What to produce:
Quote the entries below from the line with "A hotel room" through the line with "Gun, alarm clock, sleeping", both ends included, and only those lines.

Records for the task:
· · · ·

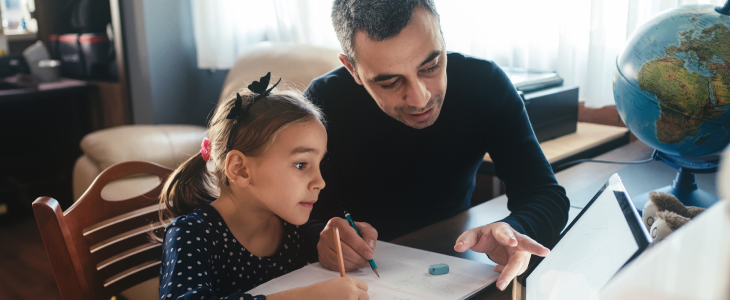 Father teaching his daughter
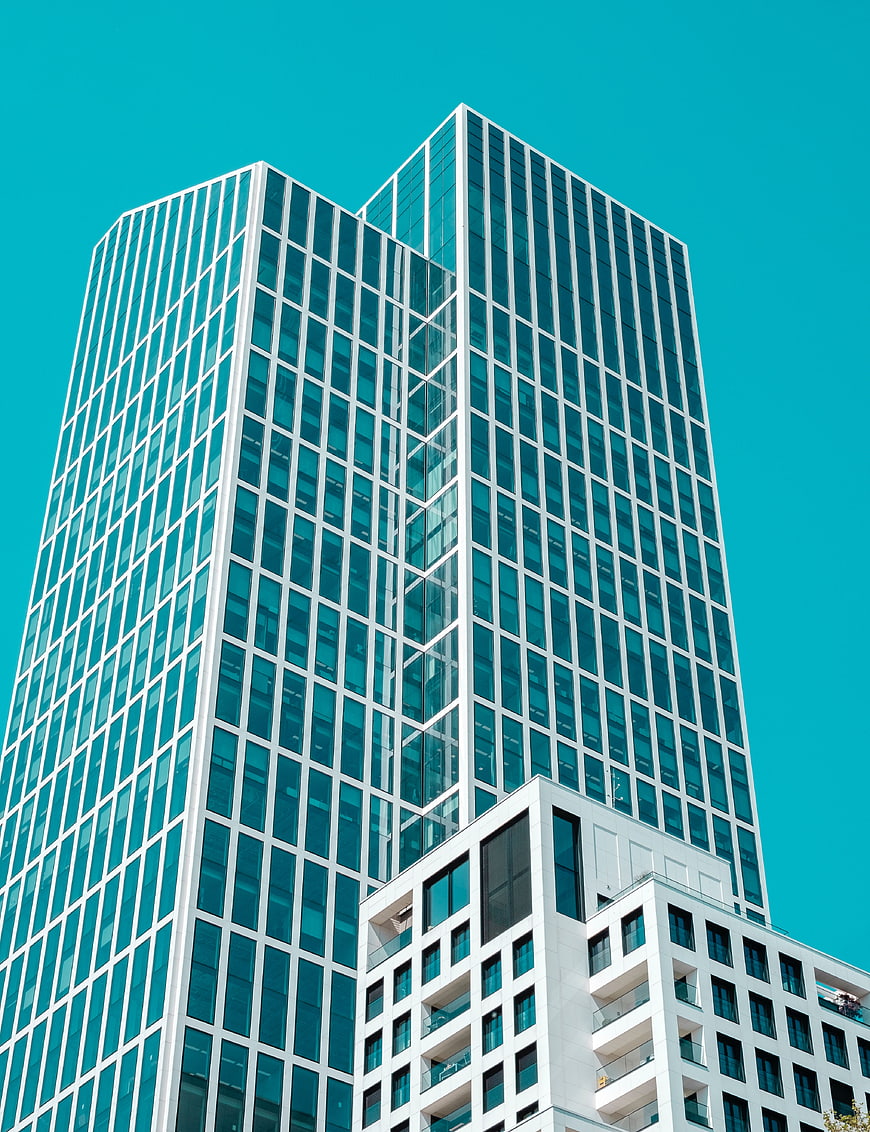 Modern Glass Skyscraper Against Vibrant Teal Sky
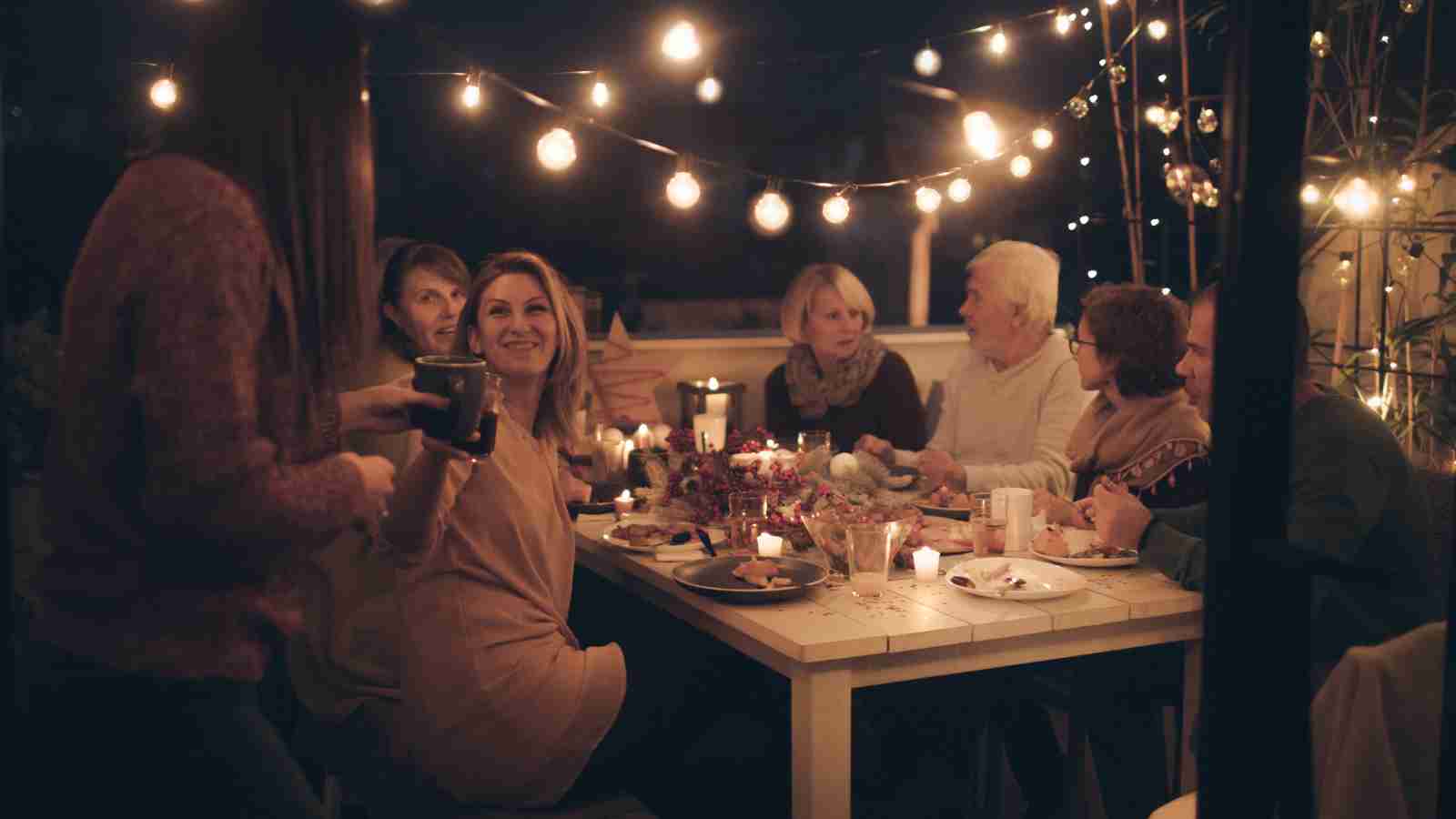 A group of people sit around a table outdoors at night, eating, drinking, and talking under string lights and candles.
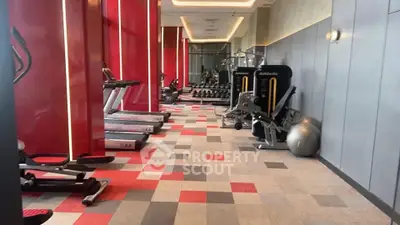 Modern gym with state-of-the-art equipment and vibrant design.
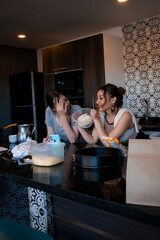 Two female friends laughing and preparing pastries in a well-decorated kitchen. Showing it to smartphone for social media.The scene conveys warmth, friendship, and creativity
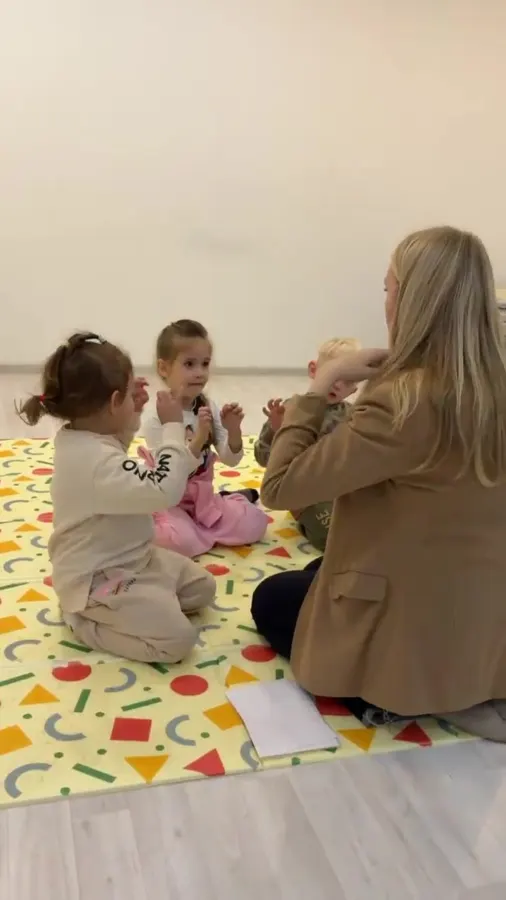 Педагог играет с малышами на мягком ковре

· · · ·

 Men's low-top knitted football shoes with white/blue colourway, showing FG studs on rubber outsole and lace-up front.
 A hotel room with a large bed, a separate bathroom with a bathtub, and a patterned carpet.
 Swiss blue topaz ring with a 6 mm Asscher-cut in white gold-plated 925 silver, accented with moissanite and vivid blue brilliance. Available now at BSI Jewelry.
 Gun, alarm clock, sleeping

· · · ·

Response to the task:
 A hotel room with a large bed, a separate bathroom with a bathtub, and a patterned carpet.
 Swiss blue topaz ring with a 6 mm Asscher-cut in white gold-plated 925 silver, accented with moissanite and vivid blue brilliance. Available now at BSI Jewelry.
 Gun, alarm clock, sleeping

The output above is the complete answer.